Bryce Wolkowitz Gallery is pleased to present an exhibition of new photographs by Jimmy Nelson, a continuation of an ongoing project documenting the world's most remote, and often imperiled, indigenous cultures.

The ambition of this project is matched only in the diversity of cultures on display. Invariably, identity and image take center stage in this body of work. The universal gestures of self-display, and the culture ingrained in adornment and dress, speak as much to the history of formal portraiture as to any sort of academic ethnography.

The photographs in this series were taken throughout Polynesia, South Sudan, Chad, China, India, and Bhutan. The images are texturally lush, doused in patterned fabrics, with the subjects frequently backdropped and within arm's reach of the viewer. The textures are important here: the arrangement of a garland on a man seated in the cave, the ashened skin of a group of Dinka boys, the feathers, the hard jewelry, the magnificent floral headdresses. It all creates a resounding sense of affection, a sense of seeing and being seen rolled into one. There is also the feeling of re-seeing one's self through the eyes of another, of someone that looks so strangely familiar, like someone you may have known in a dream.

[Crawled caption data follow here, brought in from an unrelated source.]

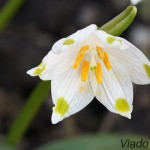 Leucojum vernum L. - Bleduľa jarná 18-40-30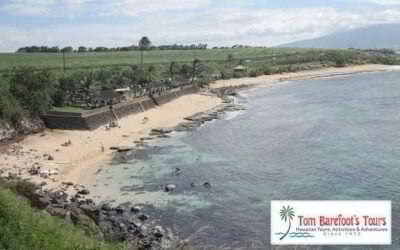 Hookipa Beach Park (Maui, Hawaii)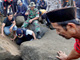 Rescue workers search for victims of an earthquake in Cikangkareng,  Indonesia, 3 September 2009.(Photo: Reuters)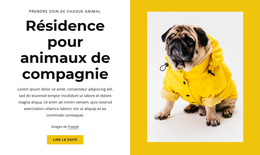 Hôtel Pour Animaux De Compagnie Et Animaux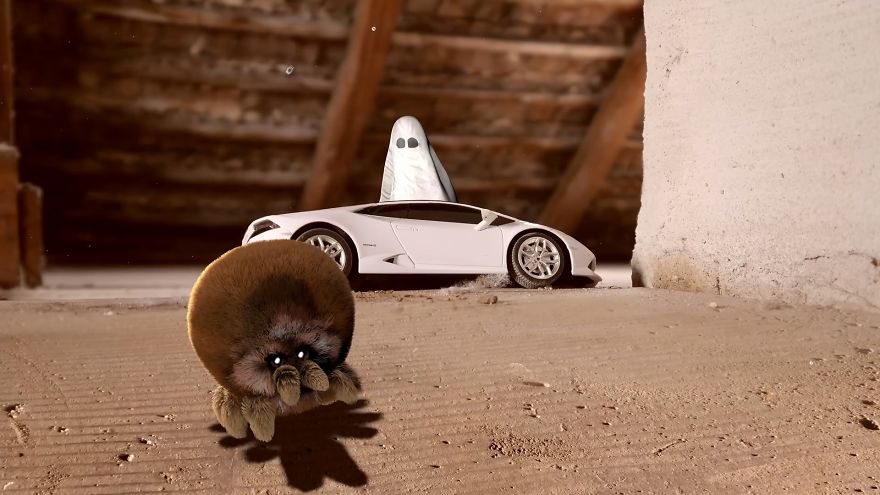 I Tell Spider Loo & Boo Stories From The Children's Eyes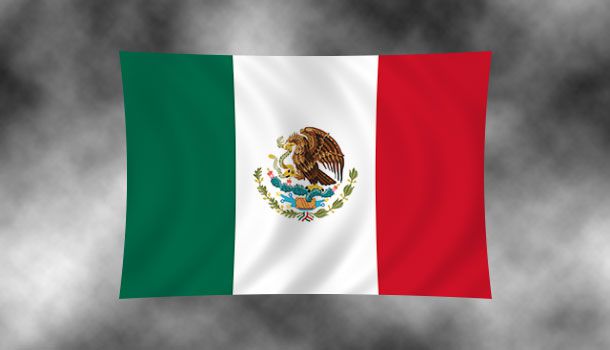 Historia del Movimiento Barra Brava en México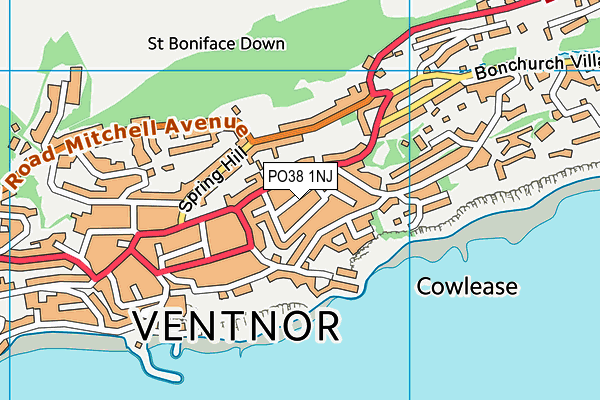 PO38 1NJ map - OS VectorMap District (Ordnance Survey) PO38 1NJ map - OS VectorMap District (Ordnance Survey)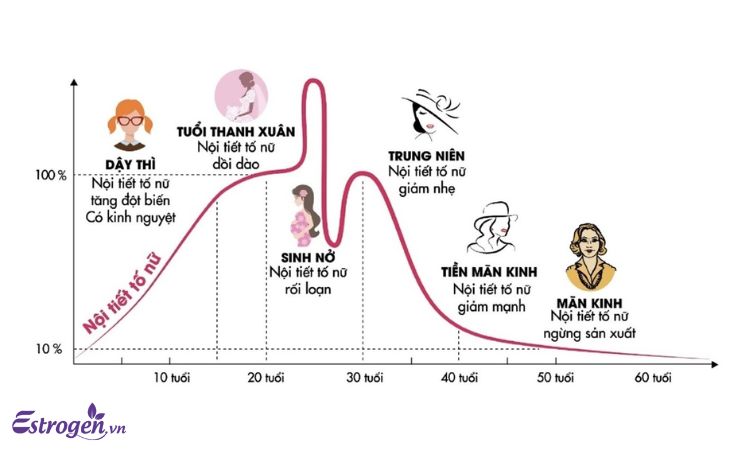 Thay đổi nội tiết tố 1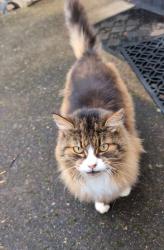 Found/Stray Unknown Cat last seen SE Langwood Street and SE 70th Avenue, Hillsboro, OR 97123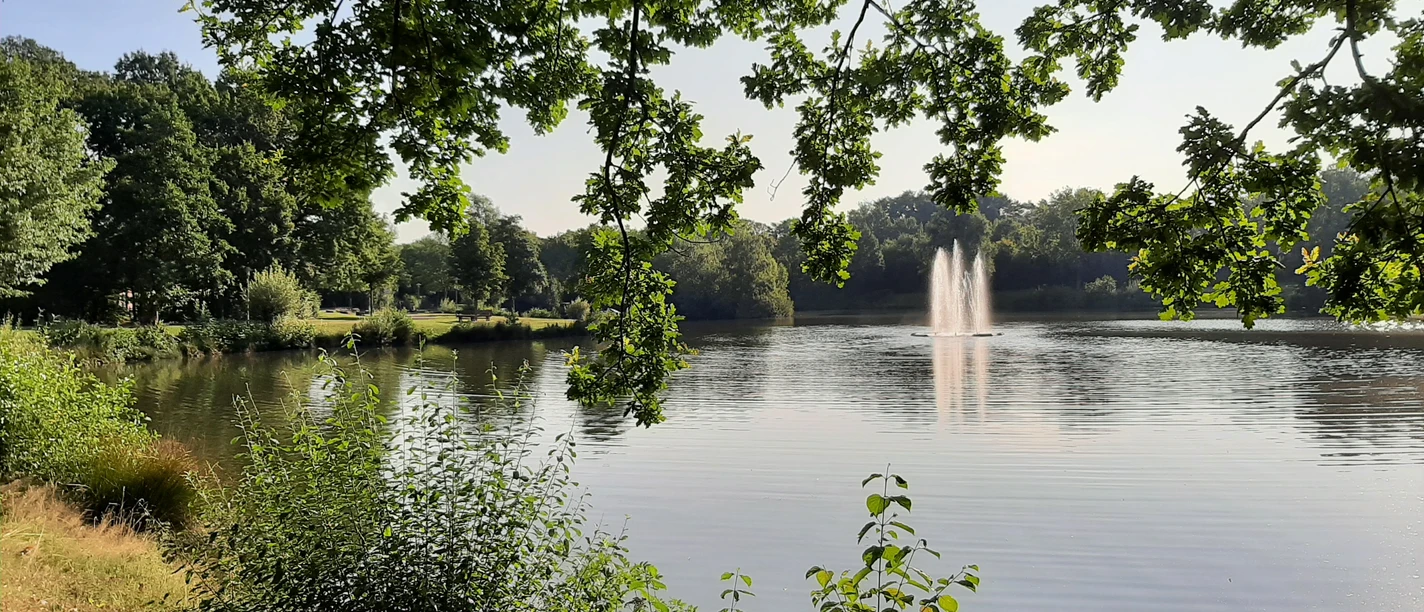 Gabelweiher Ein ruhiger Weiher mit Springbrunnen, umgeben von Bäumen und üppigem Grün im Sommer.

Jimmy Nelson (b. 1967, Sevenoaks, Kent) is based in the Netherlands. His recent monograph, Before They Pass Away, was published in 2013. Nelson participated in TEDGlobal 2014 and has exhibited in galleries and museums internationally. In October 2016, The Jimmy Nelson Foundation was launched to foster an appreciation for cultural diversity and raise awareness of the ways globalization affects cultural heritage.